Hard-constraint tests:

  • monkeypatch socket.socket / common network entry points and assert scan does not call them;
  • monkeypatch urllib.request.urlopen and http.client.HTTPConnection and assert scan does not call them;
  • if requests or httpx are ever added, monkeypatch their network clients in the same hard-constraint suite;
  • monkeypatch subprocess.run, subprocess.Popen, and os.system and assert scan does not call them;
  • assert scanner source uses yaml.safe_load only and contains no yaml.load( calls before YAML workflow parsing is enabled;
  • assert workflow and YAML manifest files over the v0.1 byte cap are skipped before YAML parsing;
  • assert alias-heavy workflow and YAML manifest files are rejected before object expansion;
  • assert deeply nested YAML is rejected without traceback;
  • snapshot file hashes before and after scan and assert scanned files are not modified;
  • assert symlinks outside the scan root are not followed by default;
  • assert symlinks inside the scan root are skipped in v0.1;
  • assert symlinked directories are not traversed, including directories that point outside the scan root;
  • assert large/binary files are skipped or bounded;
  • assert private-key detection reads only metadata plus a bounded header prefix;
  • assert encrypted PKCS#8 PEM and legacy Proc-Type: 4,ENCRYPTED PEM do not trigger identity.private_key_unencrypted;
  • assert scanner logs and report output do not contain raw secret fixture values.

CLI error tests:

  • --path to a non-existent directory exits 1 without a traceback;
  • --path to a file exits 1 without a traceback;
  • --output to a non-creatable path exits 1 without a traceback.

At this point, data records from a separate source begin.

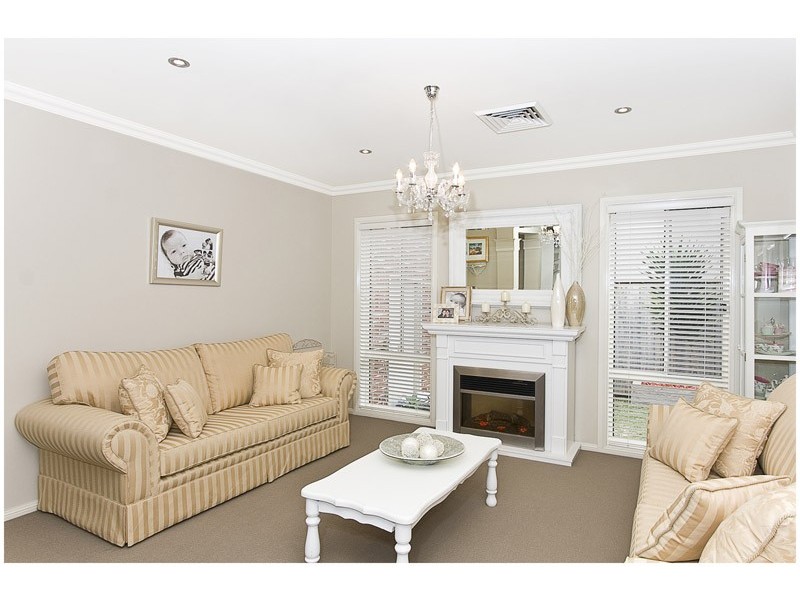 4 Oakwood Pl, Kellyville NSW 2155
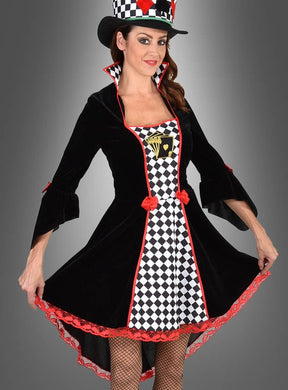 Eine Frau, die das „Deluxe Poker Face“-Samtkleid trägt – ein schwarz-weiß kariertes Kleid mit roten Borten –, kombiniert mit einem passenden Zylinder, posiert mit ausgestreckten Armen, während sich das Kleid vor einem grauen Hintergrund fächerförmig ausbreitet. Dieses auffällige Damen-Karnevalskostüm ist die perfekte Wahl für jedes Casino-Outfit-Motto.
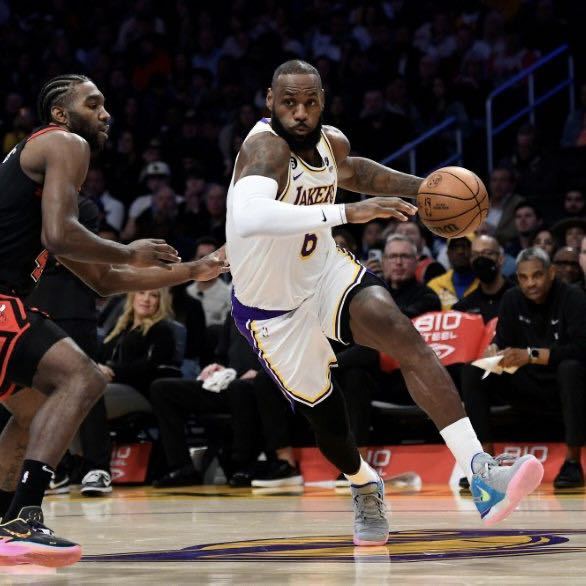 レブロン NXXT GEN 26 5cm グレー ピンク 限定 lebron20ナイキ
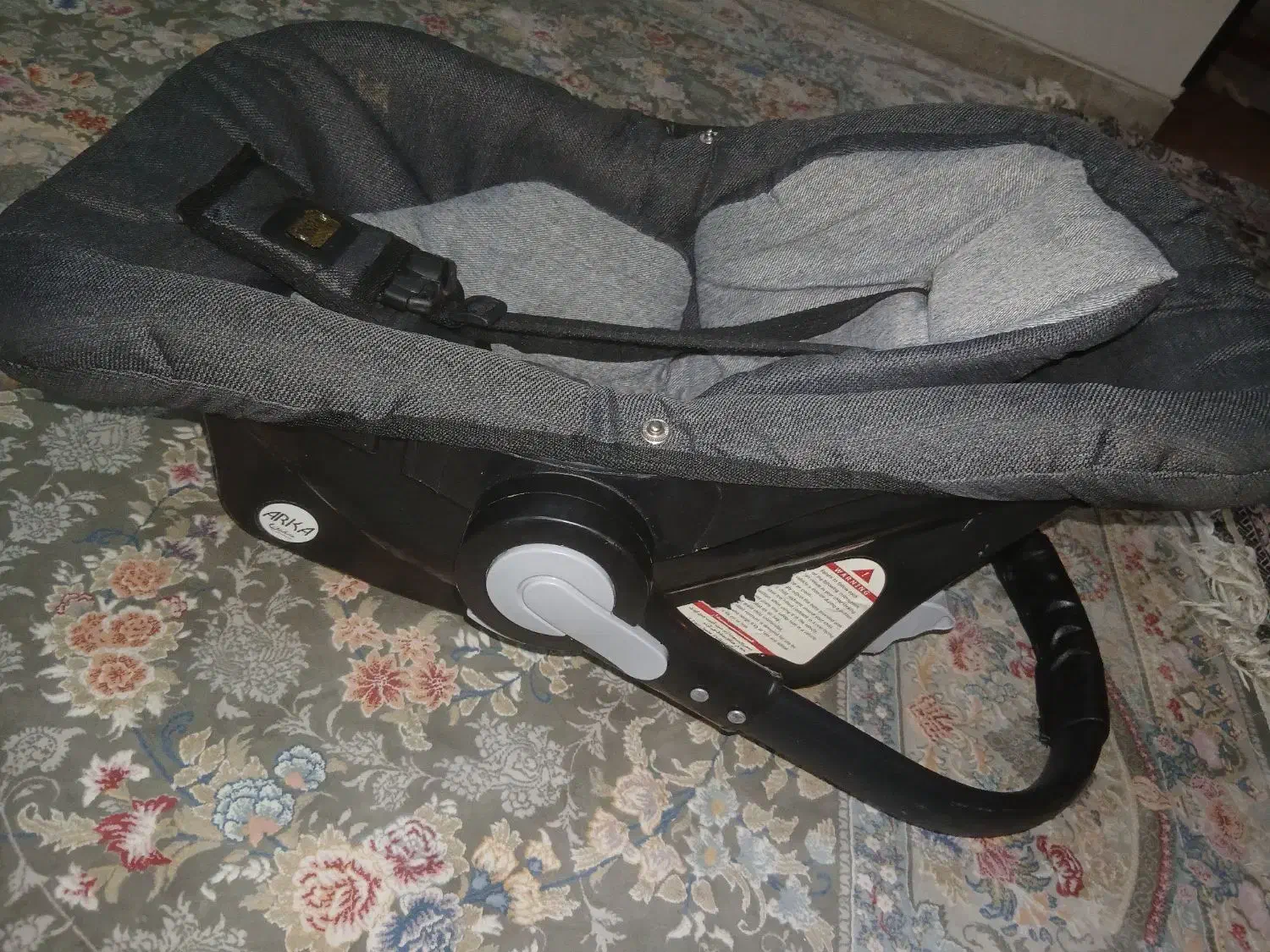 کریر نوزاد|اسباب و اثاث بچه|شیراز, شهرک صدا و سیما|دیوار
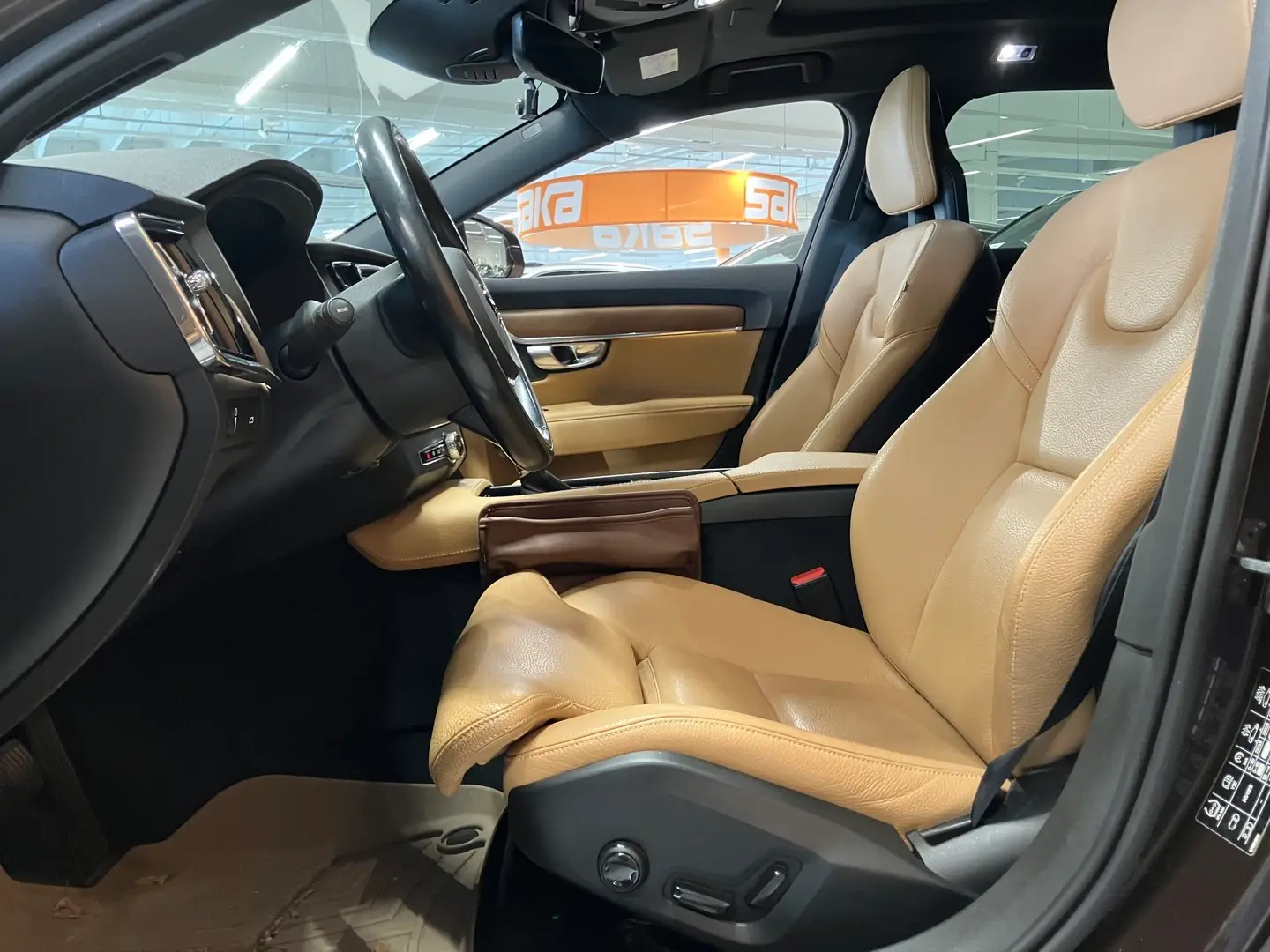 Car Image - 5DD8rOpxaBCCdTZVdfHZc2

Cross-platform parsing tests:

  • CRLF GitHub workflow YAML parses the same as LF.
  • UTF-8 BOM workflow YAML parses without crashing.

Local sanity tests:

  • pip install -e . succeeds in a fresh virtual environment;
  • lurkr scan --help prints the scan help;
  • lurkr scan --path . --output /tmp/report.json exits 0;
  • /tmp/report.json parses as JSON and follows the empty v0.1 schema.

Known Limitations

  • v0.1 is a best-effort heuristic scanner. It can produce false positives and false negatives, especially for unusual deploy wording or project-specific approval conventions.
  • YAML alias usage is capped before object expansion, but carefully crafted YAML within the v0.1 alias limit can still consume non-zero parser memory.
  • Oversized, unreadable, undecodable, malformed, or parser-rejected files are skipped without a per-file skip reason in v0.1 reports.
  • The dangerous fixture includes an intentional synthetic PEM-shaped file. Public-repo secret scanners should allowlist that fixture path; it does not contain a real key.

Out Of Scope For v0.1

  • check command alias;
  • GitHub repository creation or remote push;
  • GitHub tag or release publication without explicit approval;
  • PyPI upload without explicit approval;
  • AVP backend/core code, deployment, credentials, logs, or production changes.